Patik Tres

Friday night opened the third exhibit of our printmaking classes in the University of San Carlos Department of Fine Arts at the Tres de Abril Hall of Palm Grass Hotel in Junquera Street.

Traditionally entitled “Patik,” this third set (“Patik Tres”), which runs until October 28, features the work of our students in different techniques of fine art printmaking.

Unlike painting where the artist customarily makes only a single work, fine art printmaking involves techniques and media that enables the artist to make copies or “multiple originals” of the artwork. A limited series of copies or “edition” can be made, and each print is marked with its edition number using a pencil (a tradition in printmaking). Among the most basic techniques are woodcut printing, where image is carved and inked on a wood block before it is transferred on paper by pressing it with a spoon or a machine called an etching press.

Inked wooden or metal plates carved, engraved or etched using corrosive chemicals are pressed with damp paper on top of them into rollers whose pressure will make the paper catch the inked parts of the design.

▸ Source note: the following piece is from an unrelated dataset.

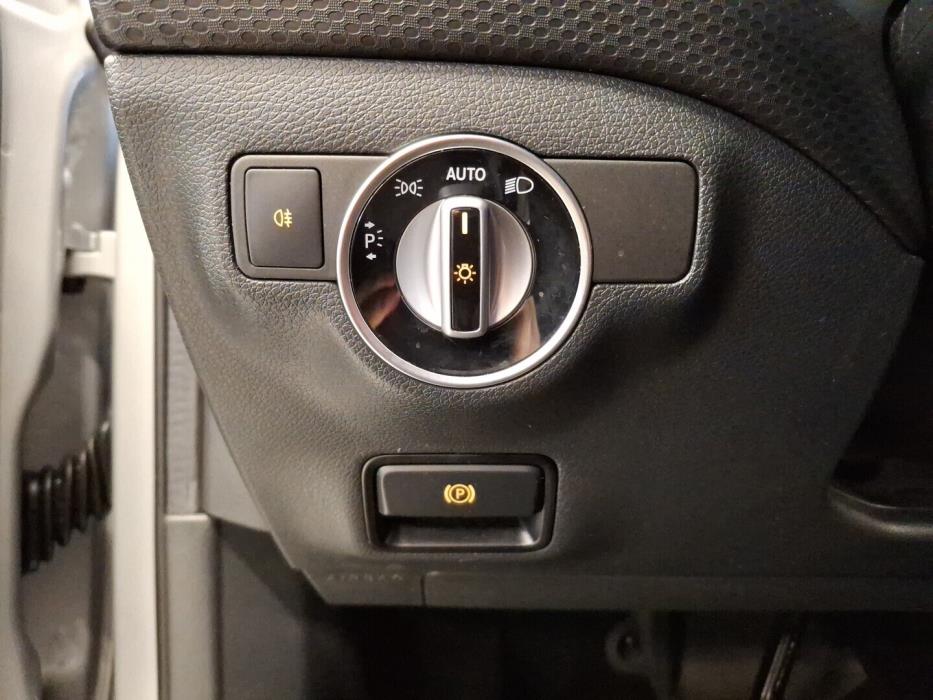 MERCEDES-BENZ A 2017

As the design is permanently fixed on the plate, the artist may repeat the printing process and thus produce a number of work that may be sold, kept or given away. Whereas the singularity of painting makes ownership of it exclusive, printmaking allows more people to acquire a copy of the same artwork. And since they all come from the same plate the artist made, they are all original. Thus, edition prints are also called “multiple originals.”

This idea of sharing art to more people makes printmaking a democratic art form. Indeed, the engravings and etchings of the ancient masters like Albert Durer and Rembrandt proliferated in Europe during the Baroque period, acquired by both aristocrats and the masses. In Japan, the ukiyo-e or woodcut prints of masters like Hokusai sold like hotcakes.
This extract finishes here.